__Recorded data__.
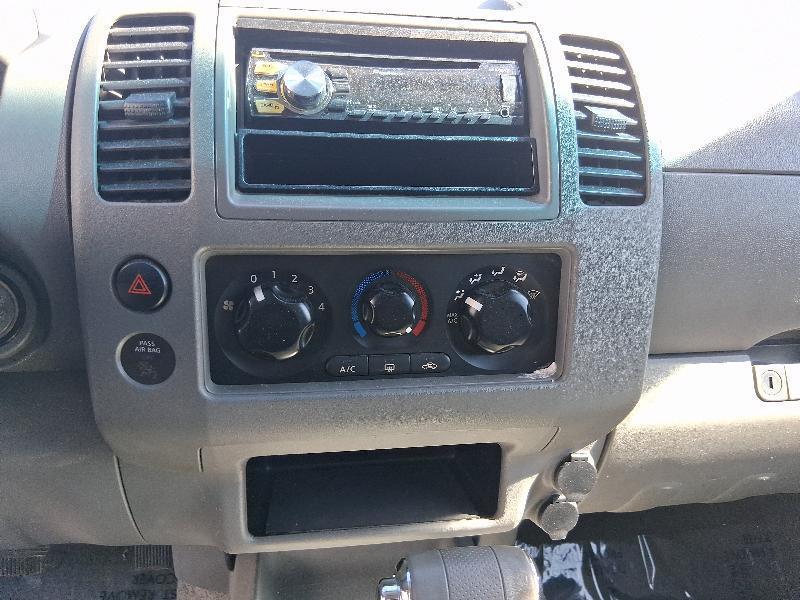 Nissan Frontier LE Crew Cab 2WD 2006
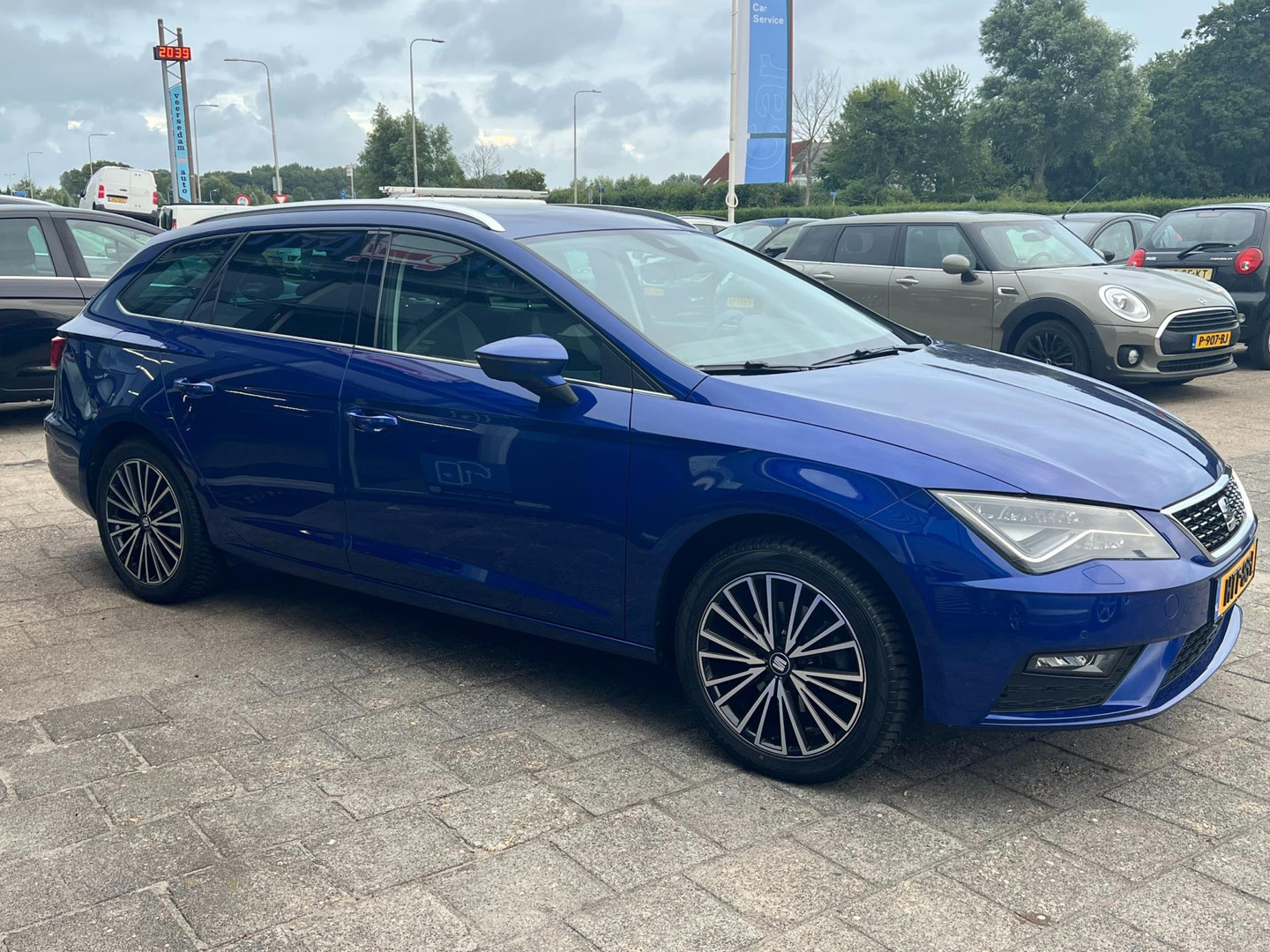 SEAT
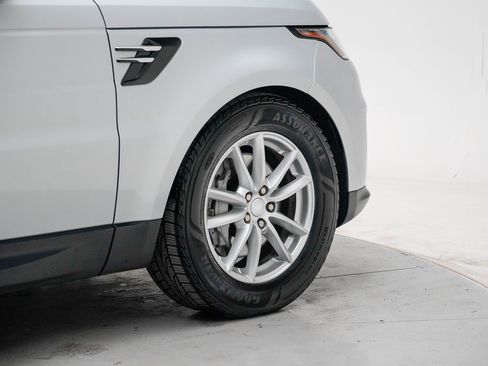 Used 2021 Land Rover Range Rover Sport SE image 11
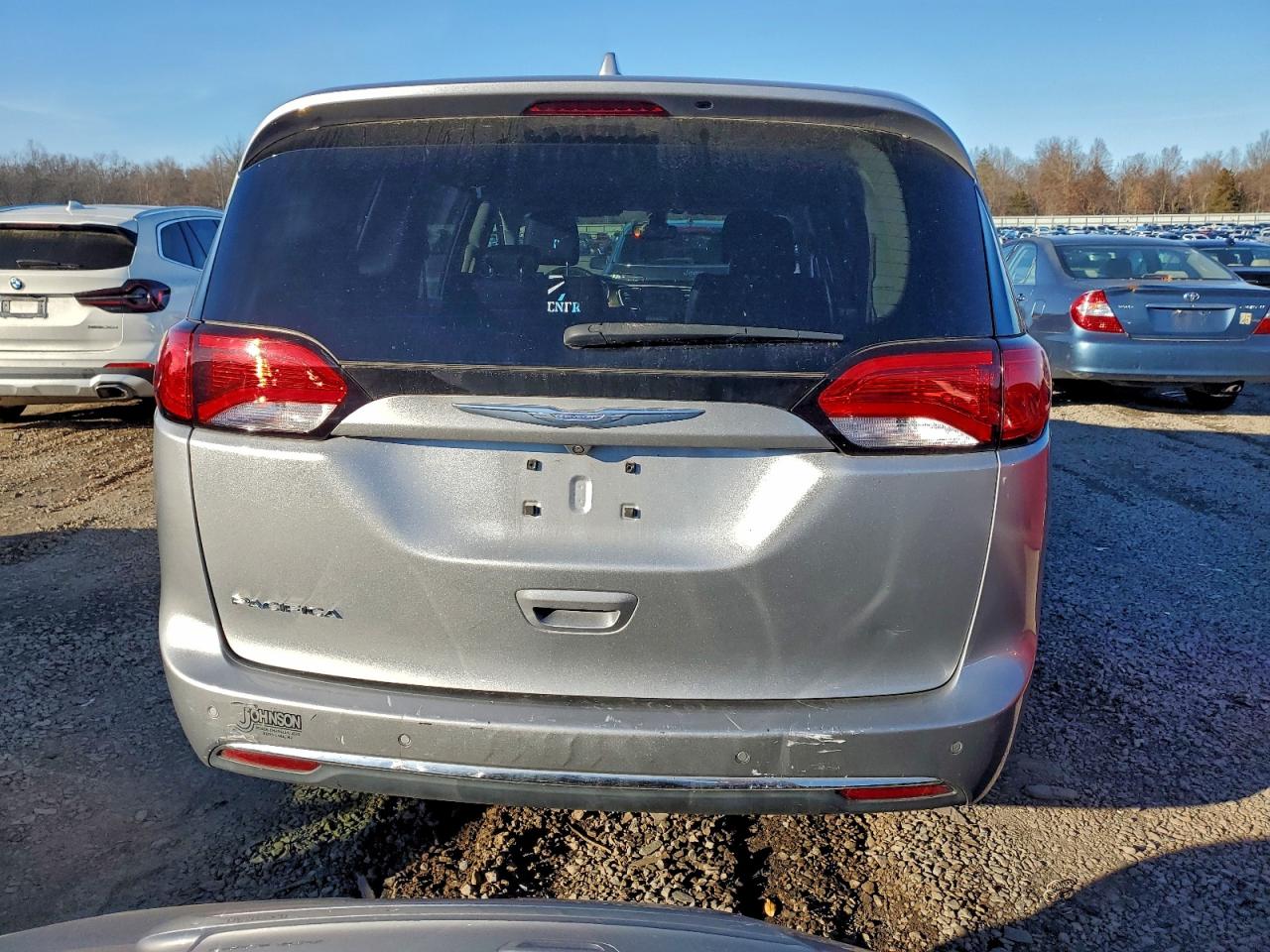 2017 Chrysler Pacifica Touring L VIN: 2C4RC1BG4HR803684 Lot: 93829095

__Assignment__. Transcribe the material exactly, and leave out whatever pictures it holds.

__Task answer__.
 Nissan Frontier LE Crew Cab 2WD 2006
 SEAT
 Used 2021 Land Rover Range Rover Sport SE image 11
 2017 Chrysler Pacifica Touring L VIN: 2C4RC1BG4HR803684 Lot: 93829095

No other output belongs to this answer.